Gaudio won the first set and was leading at the beginning of the second. During an unimportant point the Argentine´s backhand ended in the net. It wasn´t a crucial point nor one of those shots one can´t miss, and neither did Ferrer´s winning the point turn him into a bête noir. But Gaudio, the defending champion, the guy who one year before had filled Paris with talent and now had an unconditional crowd on his side, felt he was on the brink of a precipice. He looked up to heaven and shouted: “If you have no confidence in your life in general, how can you have confidence in what you do?”
Someone who´s nerves were in tatters couldn´t be the hero of that circus.
-“I was already burnt out then. Not only that, I was winning 4-0 in the fifth. Yes, I talked too much.”
- It´s as if the first obstacle triggered the downfall.
-“Yes, I had no patience, I let things get me down.”
- With the mind-set you had the previous year you would have won in three sets.
-“That´s true. But I was tired, everything bothered me, everything seemed difficult to me. My head didn´t let me do anything. I didn´t have the peace of mind to fight out every match, every week, as I´d been able to do the previous year. The very first hitch would make me think the worst, I could never think positively. That way I couldn´t play.”

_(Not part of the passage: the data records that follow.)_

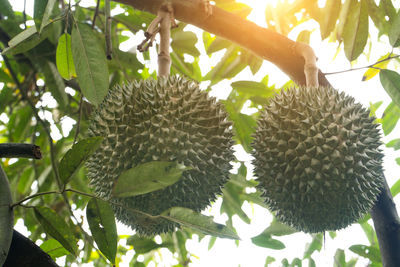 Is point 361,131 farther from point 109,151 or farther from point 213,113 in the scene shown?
point 109,151

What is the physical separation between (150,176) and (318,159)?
665 millimetres

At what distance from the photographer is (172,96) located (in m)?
1.49

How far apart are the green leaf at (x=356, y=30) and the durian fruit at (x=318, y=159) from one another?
0.79ft

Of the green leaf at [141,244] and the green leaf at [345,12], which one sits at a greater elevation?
the green leaf at [345,12]

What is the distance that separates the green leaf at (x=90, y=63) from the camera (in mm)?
1383

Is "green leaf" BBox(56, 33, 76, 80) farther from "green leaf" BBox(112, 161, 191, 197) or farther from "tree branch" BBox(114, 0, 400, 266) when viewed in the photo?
"green leaf" BBox(112, 161, 191, 197)

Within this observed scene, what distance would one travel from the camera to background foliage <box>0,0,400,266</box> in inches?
54.9

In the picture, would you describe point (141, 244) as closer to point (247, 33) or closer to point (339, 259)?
point (339, 259)

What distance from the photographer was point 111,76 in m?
2.33

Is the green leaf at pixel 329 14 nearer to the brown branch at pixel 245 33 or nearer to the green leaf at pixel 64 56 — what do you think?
the brown branch at pixel 245 33

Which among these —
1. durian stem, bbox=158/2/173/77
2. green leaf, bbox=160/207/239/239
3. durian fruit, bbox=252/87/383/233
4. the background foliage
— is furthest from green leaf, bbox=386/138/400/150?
green leaf, bbox=160/207/239/239

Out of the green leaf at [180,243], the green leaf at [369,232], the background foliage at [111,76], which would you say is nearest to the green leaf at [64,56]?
the background foliage at [111,76]

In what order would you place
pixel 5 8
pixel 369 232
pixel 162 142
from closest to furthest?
pixel 162 142, pixel 5 8, pixel 369 232

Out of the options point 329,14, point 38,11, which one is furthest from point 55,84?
point 329,14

- And besides you don´t play a serve-and-volley or a serve-and-forehand tennis, your style is to wear away your rival, so winning each point meant an extra effort.
-“Exactly, and that´s why it became harder and harder. I already felt a rejection towards playing. It had become a burden, it wasn´t something I enjoyed.”

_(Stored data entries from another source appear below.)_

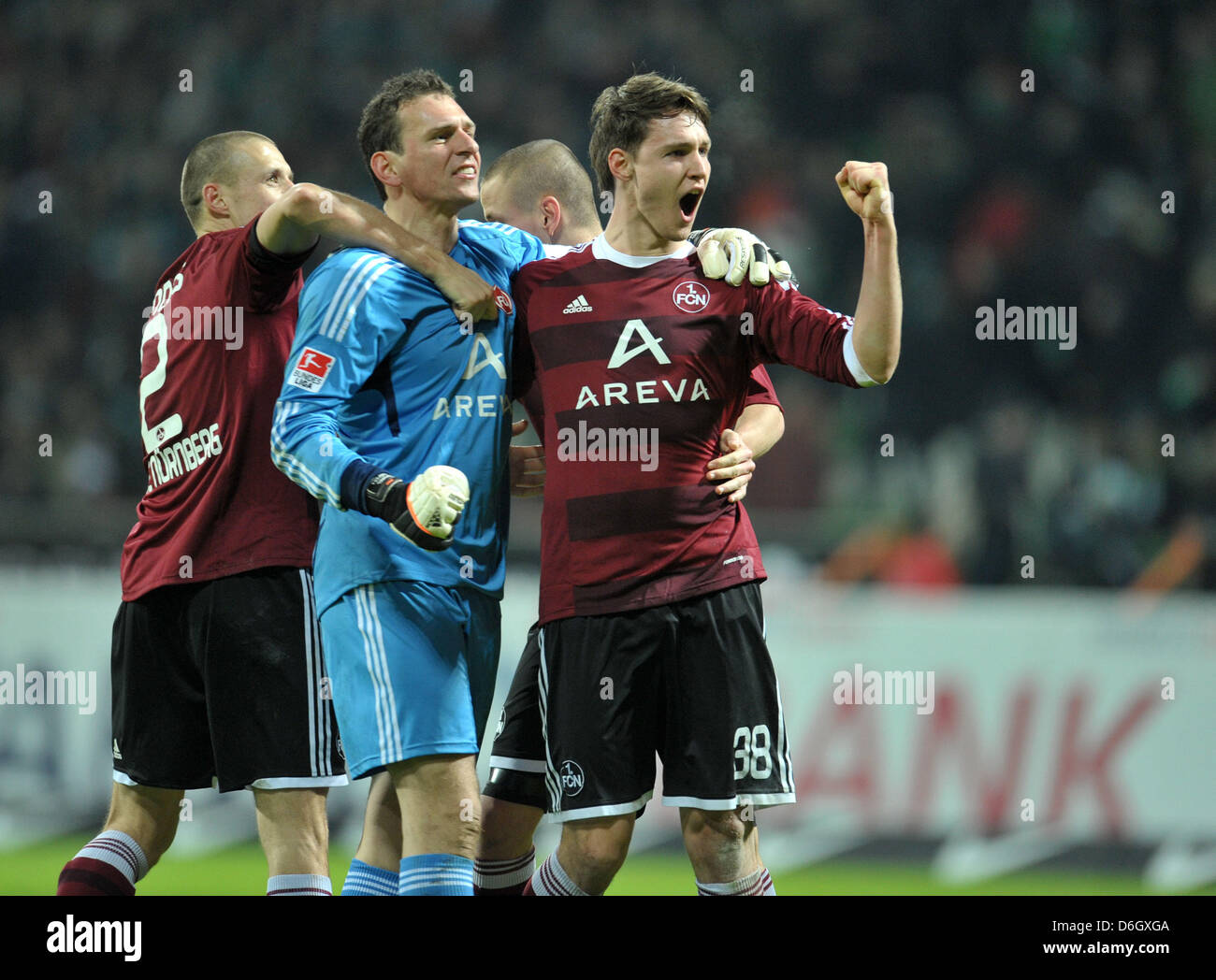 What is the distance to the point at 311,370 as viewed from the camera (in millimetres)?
3266

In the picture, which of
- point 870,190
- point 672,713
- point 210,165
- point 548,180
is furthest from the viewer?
point 548,180

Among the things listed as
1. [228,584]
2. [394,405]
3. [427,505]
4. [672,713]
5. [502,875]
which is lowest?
[502,875]

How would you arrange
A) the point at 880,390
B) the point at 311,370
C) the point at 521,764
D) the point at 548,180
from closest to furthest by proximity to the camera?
the point at 311,370
the point at 521,764
the point at 548,180
the point at 880,390

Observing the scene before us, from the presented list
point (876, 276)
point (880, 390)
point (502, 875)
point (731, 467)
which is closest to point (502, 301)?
point (731, 467)

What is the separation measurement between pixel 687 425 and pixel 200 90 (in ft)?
24.0

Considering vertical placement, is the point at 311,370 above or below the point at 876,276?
below

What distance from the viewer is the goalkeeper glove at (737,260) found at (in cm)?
344

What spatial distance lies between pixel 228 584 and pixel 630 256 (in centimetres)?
128

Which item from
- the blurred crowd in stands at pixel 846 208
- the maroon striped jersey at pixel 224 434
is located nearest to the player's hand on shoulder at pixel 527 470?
the maroon striped jersey at pixel 224 434

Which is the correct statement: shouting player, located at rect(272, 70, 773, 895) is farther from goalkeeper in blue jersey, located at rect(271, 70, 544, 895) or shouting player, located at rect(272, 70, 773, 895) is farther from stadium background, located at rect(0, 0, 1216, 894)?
stadium background, located at rect(0, 0, 1216, 894)

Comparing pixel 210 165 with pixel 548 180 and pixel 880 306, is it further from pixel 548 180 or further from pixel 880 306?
pixel 880 306

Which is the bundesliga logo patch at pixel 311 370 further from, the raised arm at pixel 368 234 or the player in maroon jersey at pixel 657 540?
the player in maroon jersey at pixel 657 540

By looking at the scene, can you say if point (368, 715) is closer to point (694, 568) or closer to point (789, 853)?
point (694, 568)

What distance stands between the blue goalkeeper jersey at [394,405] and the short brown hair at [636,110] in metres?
0.50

- Did it depend on who your rivals were or did it depend on you?
-“In the end it didn´t matter who I played against. It had to do with me.”
- During a long time you worked with a psychologist (Pablo Pécora). How much did that help you?

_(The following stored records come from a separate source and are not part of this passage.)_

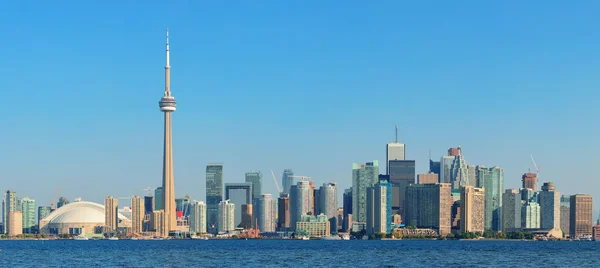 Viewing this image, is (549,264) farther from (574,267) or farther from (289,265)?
(289,265)

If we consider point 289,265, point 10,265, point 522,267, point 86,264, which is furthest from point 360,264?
point 10,265

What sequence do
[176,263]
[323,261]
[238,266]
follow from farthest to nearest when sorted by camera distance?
1. [323,261]
2. [176,263]
3. [238,266]

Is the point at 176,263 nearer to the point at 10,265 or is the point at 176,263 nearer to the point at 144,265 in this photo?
the point at 144,265

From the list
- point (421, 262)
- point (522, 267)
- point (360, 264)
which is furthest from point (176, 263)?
point (522, 267)

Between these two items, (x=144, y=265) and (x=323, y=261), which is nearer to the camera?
(x=144, y=265)

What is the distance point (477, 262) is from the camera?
6176 inches

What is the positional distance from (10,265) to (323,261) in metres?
46.8

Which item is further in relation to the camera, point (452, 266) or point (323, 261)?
point (323, 261)

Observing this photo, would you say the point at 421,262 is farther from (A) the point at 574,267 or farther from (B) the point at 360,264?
(A) the point at 574,267

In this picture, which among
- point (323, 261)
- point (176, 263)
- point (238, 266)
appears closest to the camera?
point (238, 266)

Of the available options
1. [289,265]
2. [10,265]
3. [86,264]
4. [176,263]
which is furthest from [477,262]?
[10,265]

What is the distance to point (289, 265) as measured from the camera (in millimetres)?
147125

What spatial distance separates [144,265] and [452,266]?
43.0 metres

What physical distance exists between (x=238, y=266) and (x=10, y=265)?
33.9m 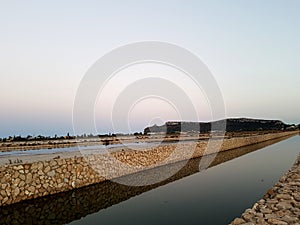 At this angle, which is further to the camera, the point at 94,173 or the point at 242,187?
the point at 94,173

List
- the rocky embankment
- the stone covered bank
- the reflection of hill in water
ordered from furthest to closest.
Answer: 1. the stone covered bank
2. the reflection of hill in water
3. the rocky embankment

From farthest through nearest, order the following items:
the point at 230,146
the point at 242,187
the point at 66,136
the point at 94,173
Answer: the point at 66,136 < the point at 230,146 < the point at 94,173 < the point at 242,187

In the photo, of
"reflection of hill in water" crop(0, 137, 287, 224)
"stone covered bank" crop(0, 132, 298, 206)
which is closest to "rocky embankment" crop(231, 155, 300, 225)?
"reflection of hill in water" crop(0, 137, 287, 224)

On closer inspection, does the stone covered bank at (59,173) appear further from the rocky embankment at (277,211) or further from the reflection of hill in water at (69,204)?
the rocky embankment at (277,211)

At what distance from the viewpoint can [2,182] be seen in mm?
9711

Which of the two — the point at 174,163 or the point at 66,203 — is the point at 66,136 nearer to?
the point at 174,163

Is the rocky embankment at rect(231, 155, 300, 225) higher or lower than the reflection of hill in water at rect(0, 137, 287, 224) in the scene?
higher

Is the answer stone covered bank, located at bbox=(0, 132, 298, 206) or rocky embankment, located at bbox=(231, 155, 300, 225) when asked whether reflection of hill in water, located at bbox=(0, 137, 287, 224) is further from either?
rocky embankment, located at bbox=(231, 155, 300, 225)

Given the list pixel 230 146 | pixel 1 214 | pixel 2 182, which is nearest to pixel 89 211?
pixel 1 214

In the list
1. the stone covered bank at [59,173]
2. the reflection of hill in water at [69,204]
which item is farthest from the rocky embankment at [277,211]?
the stone covered bank at [59,173]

-“It was good. People think a tennis player has a psychologist to improve his tennis, but in my case I didn´t need him for my tennis, I needed him for my life. I had a thousand problems that were reflected in my game. There were times when I didn´t want to go on court because I wasn´t well off the court, but not because I didn´t feel like playing tennis but because I didn´t feel like doing anything. I didn´t feel like playing football or doing anything.”
-He insisted that you had to focus. He made you play chess in order to help your concentration, didn´t he?
-“Yes, but if you have a problem it´s always present, in your head, it´s not easy to detach yourself.”
-In that match against Ferrer there was a moment in the last set when you looked at his coach and said to him: ´Don´t worry because he´ll win today´. As if some part of you also wanted to lose. Like a sort of self-boycott.
-“No one could be in the Roland Garros quarterfinals and say: “Today I´ll lose”. There wasn´t a millimeter in my body that wanted to lose. But it seems that unconsciously I did.”
- Were you feeling so bad?
-“Not bad: terrible. I know that I couldn´t control myself and that I used to say all sorts of crazy things that afterwards made me feel ashamed, but I don´t know if at some level it helped me. It was a way to vent all that anguish I felt. My outlet was irony, it was the way I had.”
- When you see yourself -if you do- as you were in those matches, saying all those outrageous things, what do you think?
-“That I´m not a normal person.”
I´d like to add my own opinion:
If Gastón had had a physical impediment everybody would sympathize, but as this was not a visible injury he´s had to bear with jeers and criticism, and still he had the courage to fight on.
It´s awesome that in spite of his problems he still managed to become one of the world´s top clay court players! 10% of the world suffers from clinical depression, but they don´t achieve the heights Gastón has in spite of his drawbacks.
I hope he himself realizes there´s special merit in his achievement.